Both with go test -race.


Cheat Sheet

// 1. Pool size
n := runtime.GOMAXPROCS(0)         // CPU-bound
n := 50                             // I/O-bound (downstream cap)

// 2. With cancellation
ctx, cancel := context.WithCancel(parent)
defer cancel()

// 3. Worker checks ctx
for {
    select {
    case <-ctx.Done(): return
    case j, ok := <-jobs:
        if !ok { return }
        select {
        case results <- process(ctx, j):
        case <-ctx.Done(): return
        }
    }
}

// 4. Errgroup variant
g, ctx := errgroup.WithContext(ctx)
g.SetLimit(8)
for _, j := range jobs {
    j := j
    g.Go(func() error { return process(ctx, j) })
}
err := g.Wait()

Summary

Middle-level worker pools answer the questions production code asks: how do I cancel? How do I bound concurrency precisely? How do I propagate the first error? How do I time out a runaway job? The answers cluster around context.Context, errgroup, semaphores, and pipelines.
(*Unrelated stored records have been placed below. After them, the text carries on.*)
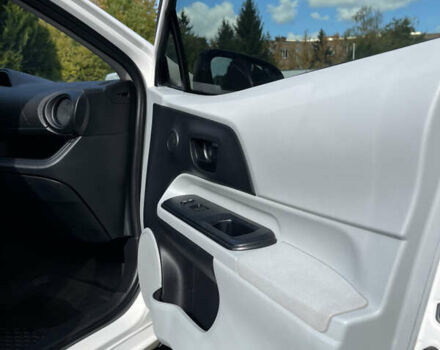 Білий Тойота Пріус, об'ємом двигуна 1.5 л та пробігом 181 тис. км за 8799 $, фото 22 на Automoto.ua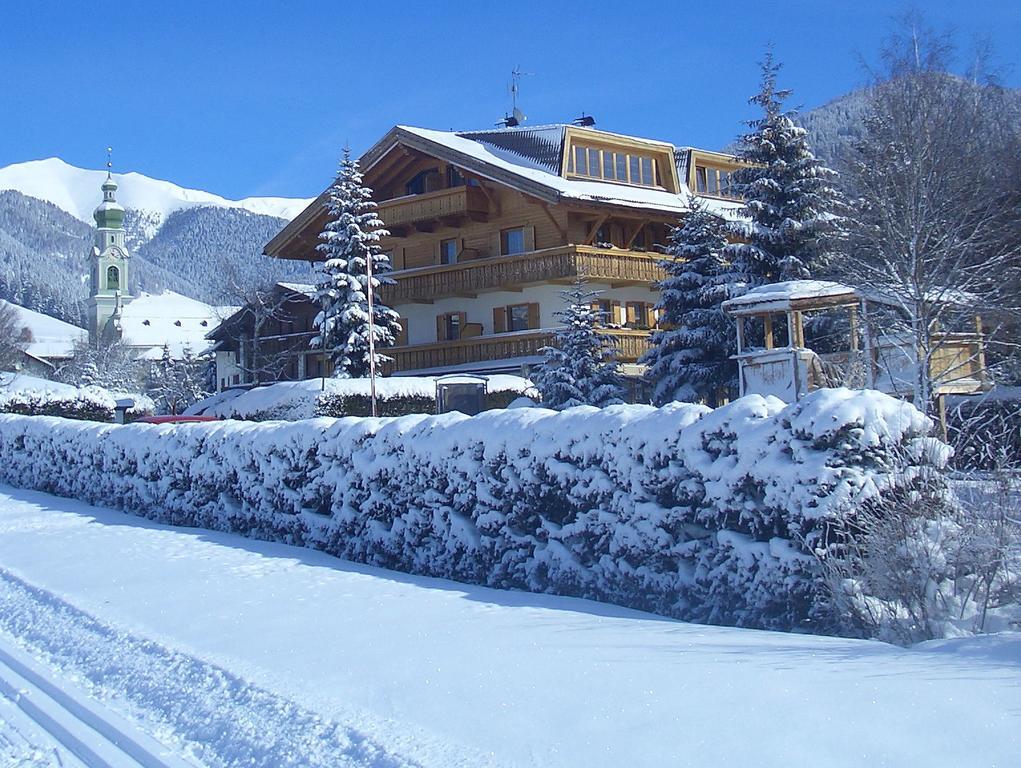 Stauder Hotel Dobbiaco Exterior photo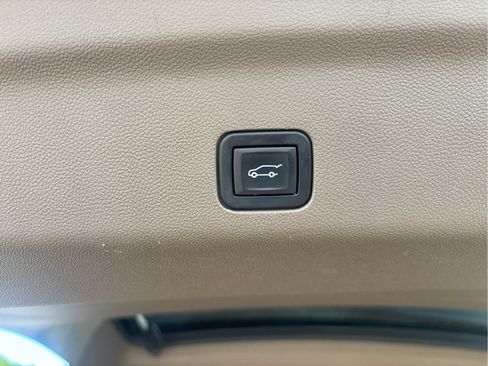 Used 2023 GMC Yukon Denali AWD/4WD image 47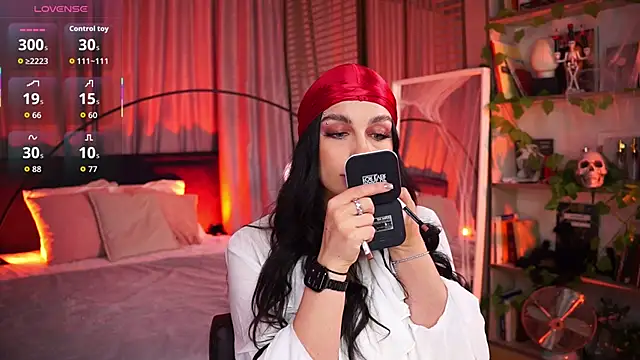 LunaNight online show from 11-01-25, 08:33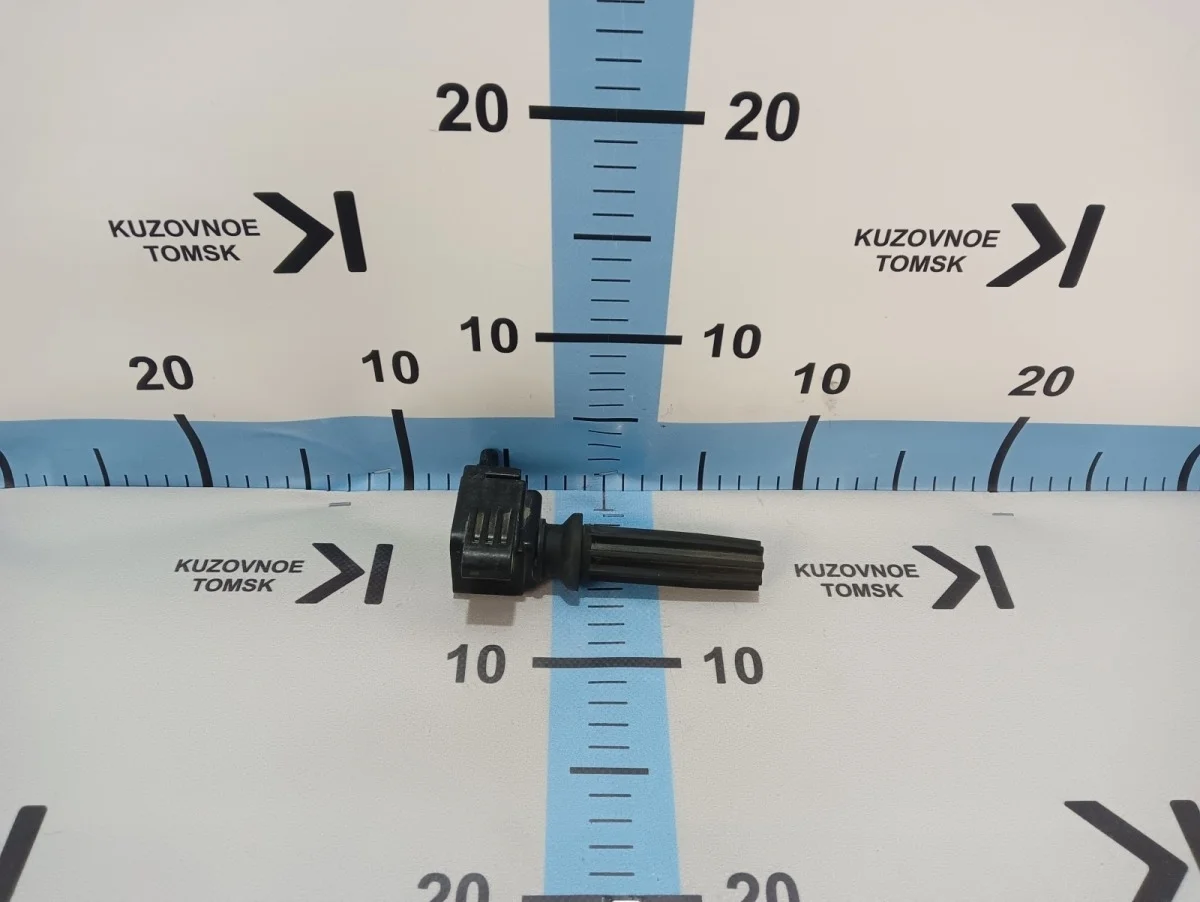 Катушка зажигания Ford Focus 2011 CB8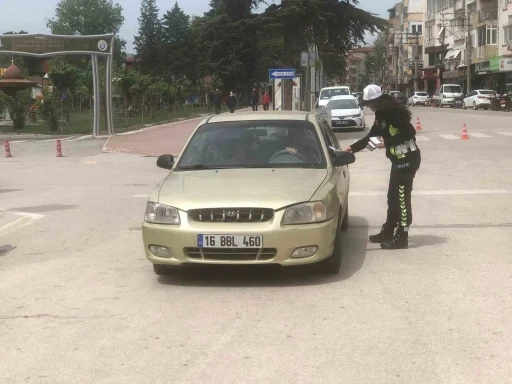 Yenişehir’de Trafik Haftası etkinliği: Emniyet ve Jandarma’dan ortak bilinçlendirme çalışması
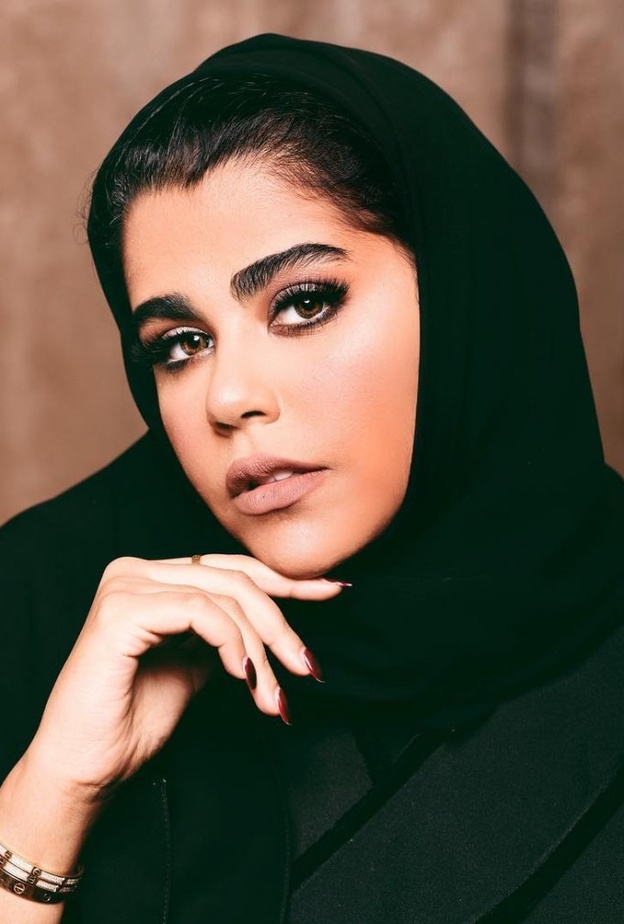 ة مدونة الجمال تيم الفلاسي تلهم المرأة الإماراتية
You learned: pool sizing (CPU vs I/O), context propagation through workers and producers, per-job and pool-level timeouts, errgroup for fail-fast, the semaphore alternative, buffered-channel tuning, ordered output strategies, pipeline composition, and the production pattern of wrapping a pool in a struct with Submit/Stop/Results. Senior level adds backpressure modelling, dynamic resizing, and work stealing.